Meulman stresses that it is by no means her intention to ignore developments that are going on in data science, but that it is essential to be on guard with these modern trends, and also to remain influential where psychometrics has always been needed the most: the testing industry. Ivo Molenaar also warns for the rise of big data: ‘I think that they [the psychometricians] have more computational possibilities now and have what they call big data [...]. I am getting old-fashioned, so I think maybe you should not collect that many data because it is only going to cause you problems.’ Molenaar refers here to the danger of overfitting and the lack of critical thinking in a mostly computer-driven process.
The future of psychometrics is thus regarded with careful optimism. Several presidents believe that psychometrics will remain relevant for psychology and the testing industry. But, where some presidents stress the importance of opening up to contemporary scientific ideas, others explicitly warn for these new developments. Both sides are afraid psychometrics might remain too isolated and out of touch with the scientific playground.

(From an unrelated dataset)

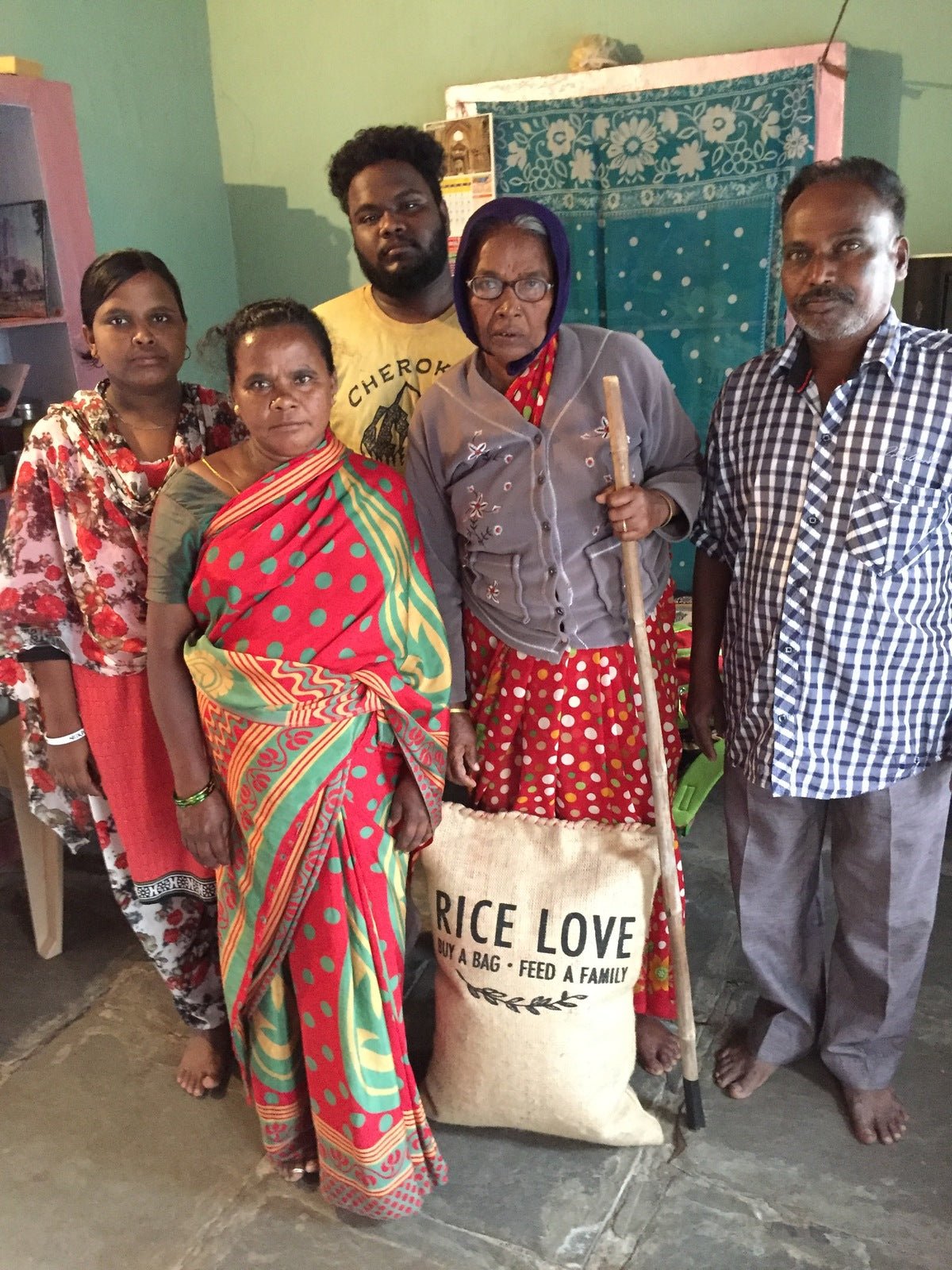 Yerra Chintamma Family #1184 - Rice Love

Psychometrics might thus benefit from a change of course. But what change? It is challenging to extract a single recommendation from all twenty transcripts. What we can safely conclude is that contemporary psychometrics is essentially a pluralist research area, and it is this plurality that needs cherishing. This does not mean that we should just ‘let things be pluralist’ and each go our own ways, which is perhaps what is happening now. Instead, psychometrics needs to make explicit what a plurality of goals and approaches actually entails. What are the avenues that psychometrics aims to tread? What is psychometrics’ mission, and what are its priorities? Where and how does psychometrics want to contribute? We would recommend the Psychometric Society and other psychometric institutes to list their priorities and make a resulting mission statement public. Based on the interviews, these priorities could include: (1) building psychological theory, (2) improving educational measurement in terms of fairness or reliability, (3) constructing and distributing user-friendly software for the analysis of behavioral data, and (4) developing new methods for data analysis. Not only does such a list of priorities make it easier to communicate to external parties what it is that psychometrics does and values (something that worries many of our presidents), it can also offer guidance on relevant topics for sessions at meetings and the publication of articles. With this recommendation, we have no intention of preventing researchers from pursuing a path that is not listed as a priority. However, a more active policy may provide some clarity and guidance for a field that, if current trends continue, with time will only become more and more fragmented and diverse.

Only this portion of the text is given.